新社長の菊池宗史氏(左)と元社長の太田信夫氏

 社長に就任した菊池氏は40代。「創業者(故・島村隆雄氏)の意思を継承しつつ、若返りを図りたかった」と元社長の太田氏は語る。しかも、菊池氏はヴァル研がビジネス領域を広げるために力を注いでいるモビリティサービス関連の責任者としてプロジェクトを指揮してきた。菊池氏は、「これまでの事業を維持していきながら、新しいことにも取り組んでいく」と意欲を示す。

 ヴァル研は、「世の中の当たり前を変える」というコンセプトのもと、1988年に「駅すぱあと」を市場に投入。経路検索の先駆者として、個人や法人を問わず、ユーザーから高い信頼を得てきた。このコンセプトに加え、「思考の一歩先を提供する」という考えから、モビリティサービス関連ビジネスに着手。ユーザーにとって適切な情報を先回りして提供する製品・サービスを具現化しようとしている。

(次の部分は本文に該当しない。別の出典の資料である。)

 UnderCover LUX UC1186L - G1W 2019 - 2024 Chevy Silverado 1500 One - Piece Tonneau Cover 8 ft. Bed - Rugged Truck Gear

 「技術の進化によって、情報提供の方法は大きく変わろうとしている。しかも、都心への人口集中と混雑、逆に地方の過疎化など、環境や課題に合わせた新しいモビリティの在り方が検討されている」(菊池氏)。経路検索サービスも変化する必要があるとの判断から、今の時代に最適なモビリティサービスの提供にチャレンジしていくわけだ。
 
「新しいことにチャレンジしていく」と意気込む菊池宗史氏

 菊池氏の社長に就任によって、太田氏は会長を務めながらVISHを指揮していく。「まずは、VISHの社員が働きやすい環境をさらに構築していく」(太田氏)という。VISHは、社員数が約20人のベンチャー企業。太田氏は、「自由奔放なベンチャー気質の勢いを生かしながら、体制を整えていきたい」との考えを示している。

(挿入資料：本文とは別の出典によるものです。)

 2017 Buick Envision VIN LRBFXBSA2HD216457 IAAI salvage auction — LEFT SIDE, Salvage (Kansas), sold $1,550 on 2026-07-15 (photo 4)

 また、VISHはクラウド型バスロケーションサービス「バスキャッチ」などを提供している。ヴァル研の描くモビリティサービスと親和性が高いことからも、今後はさらに両社の連携が加速していきそうだ。
 
クラウド型バスロケーションサービス「バスキャッチ」

 さらに、さまざまな企業とのパートナーシップも強化していく。IT業界内での提携や協業に加えて「鉄道をはじめとした公共交通機関、自動車、シェアリングなどをキーワードに企業とのアライアンスを進めていく」と菊池氏はいう。

 これまでも、小田急電鉄が展開する小田急MaaS「MaaS Japan」への開発支援を通じて小田急電鉄を含めて、タイムズ24、ドコモ・バイクシェア、WHILLなどと連携・協力。また、地域モビリティの普及に向けて、MaaS Tech Japanと新たなサービス開発を目的としたプロジェクトを始動している。

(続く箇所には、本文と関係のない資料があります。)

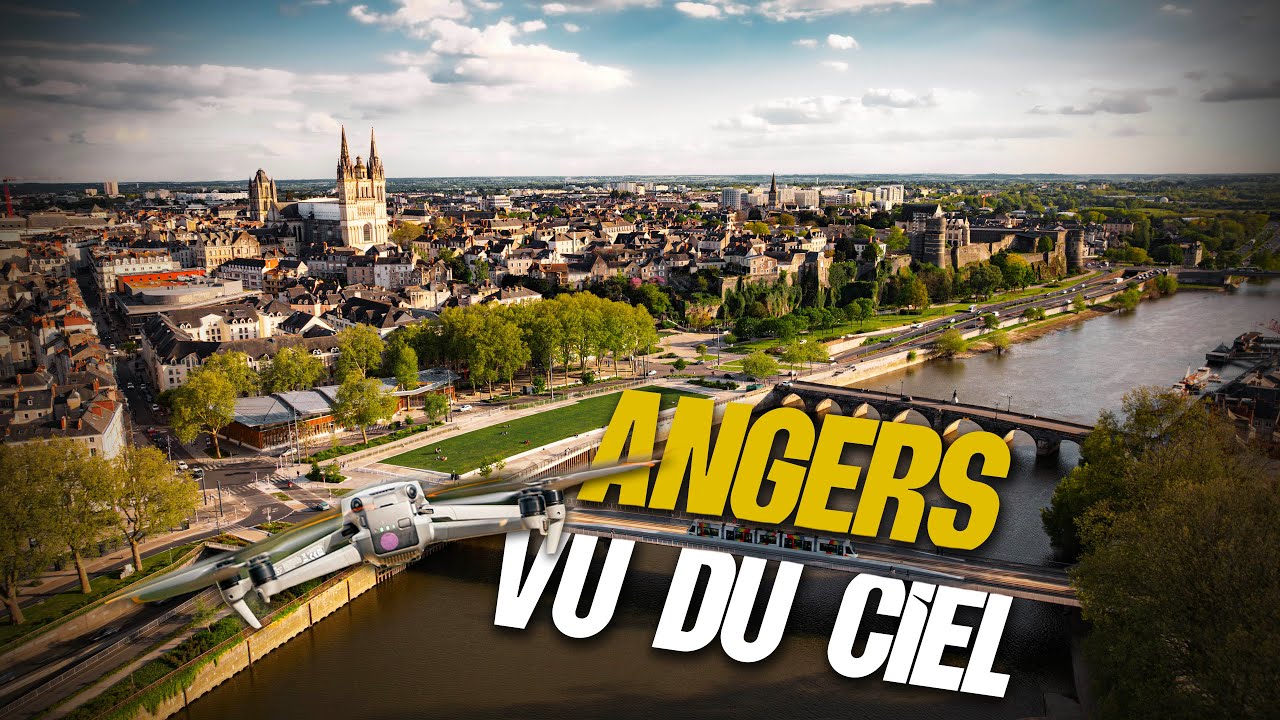 ANGERS VU DU CIEL - DRONE 4K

 このほか、静岡県静岡市の「居住者を対象としたMaaS実証実験」で相乗りタクシーと鉄道・路線バスの複合経路検索サービスを提供するなど、いくつかの地域で取り組んでいる実証実験にも参画。8月5日には、JR東日本グループが実施する「案内AIみんなで育てようプロジェクト(フェーズ2)」共同実証実験で経路検索API「駅すぱあとWebサービス」を提供するなど、「駅すぱあと」をベースとしたビジネス領域の拡大に余念がない。

 菊池氏は、「1年以内に、複合経路検索、パーソナライズ、リアルタイムなど、まずは当社が描くモビリティサービスの第一弾を提供する」としている。歴史が長く“今まで”があるからこそ、“これから”の「駅すぱあと」に期待が高まる。